In Tel Aviv, where secular and religious inhabit different neighborhoods and rarely interact, the Gaza pullout is causing great debate.
On Shenkin Street, Meir Solomon walked past cafes and stores selling herbal soaps and talked of his disdain for the settlers. He said they "have gone too far" in their fight against the government's decision to quit Gaza.
The withdrawal from Gaza "is a good thing. It shows that the people in Israel are beginning to understand that you have to give something, maybe even in advance, to get a little peace."
But just a brief walk away, residents spoke disparagingly of Sharon, calling the pullout a betrayal of God's will.
Yosi Levy, once a staunch supporter of Sharon, said he was in shock after seeing Israeli soldiers force settlers out of Gaza.
"It's forbidden to do this. It is against religious law," he said. "If you believe that we are here for a reason, you can't start giving the land back."
Nearby, David Zohar, an Hasidic Jew with a long black beard and sidecurls, pushed his infant's baby carriage past a line of shops on a main street. The blue baby carriage was decorated with orange ribbons, signifying opposition to the withdrawal.

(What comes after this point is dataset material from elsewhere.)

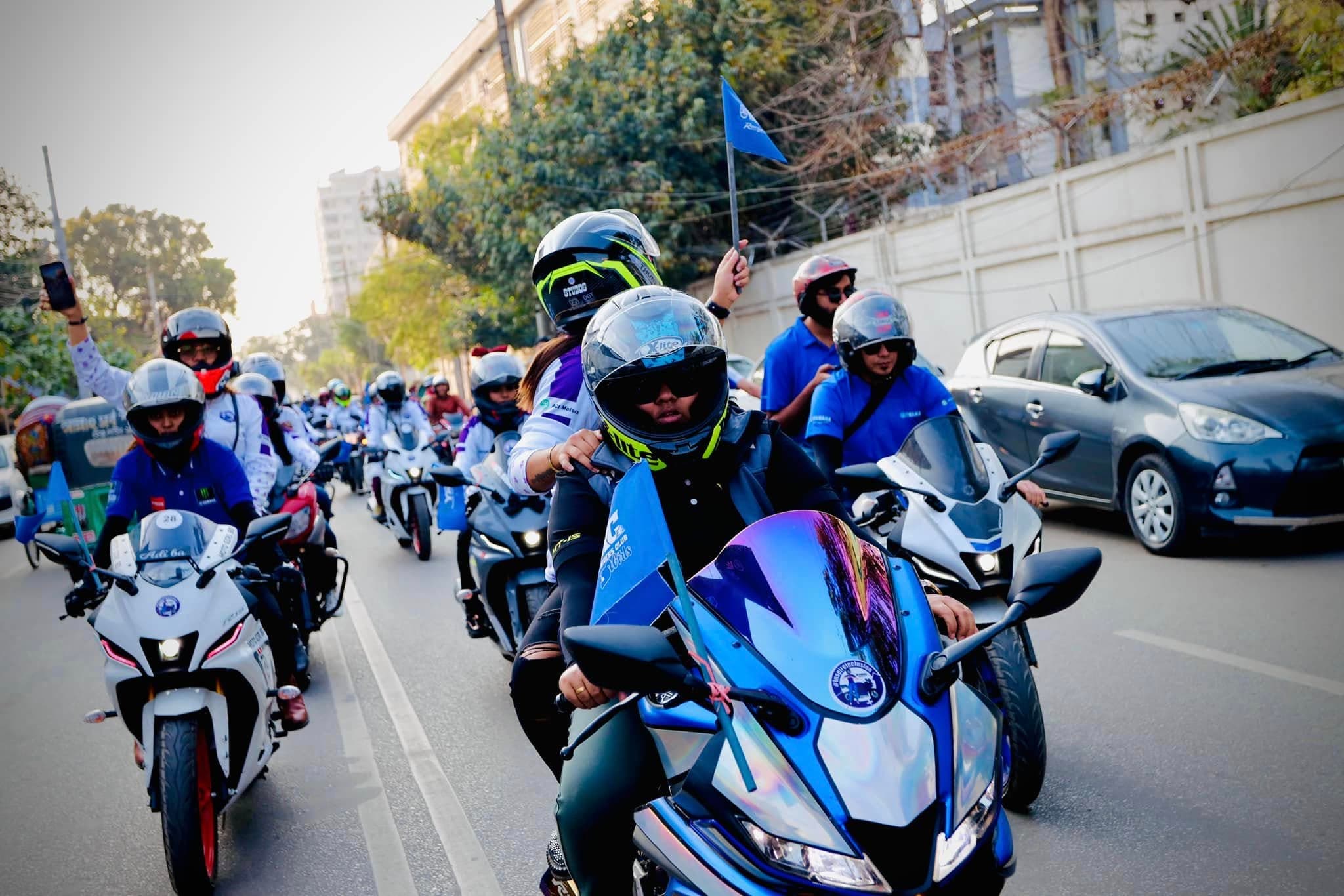A convoy of motorcycles riding together in a Women's Day rally.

"People are very sad and they don't know how a government of Israel can expel Jews," he said. "It breaks the heart."
Pollster Rafi Smith said the numbers of Israelis in favor and opposed to the withdrawal — 54 percent to 38 percent — have remained stable for six months and he expects no movement in his first post-withdrawal poll later this week.
"The withdrawal is bringing these divisions into focus" but not changing opinions, said Smith, the head of the Smith Research Company.
He said polls show about 80 percent of the country's religious population opposes the withdrawal while roughly the same percentage of people who identify themselves as secular — about half the country — are in favor. About 20 percent of Israel calls itself religious; another 30 percent are somewhere in between.
With the withdrawal almost over, most Israelis agree that the next step is up to the Palestinians, who they say must rein in militants.
The future "depends on the other side," said resident Moshe Rashevsky. "If they continue to be extreme and continue to bombard us, we will have no choice and we may have to go back in to Gaza."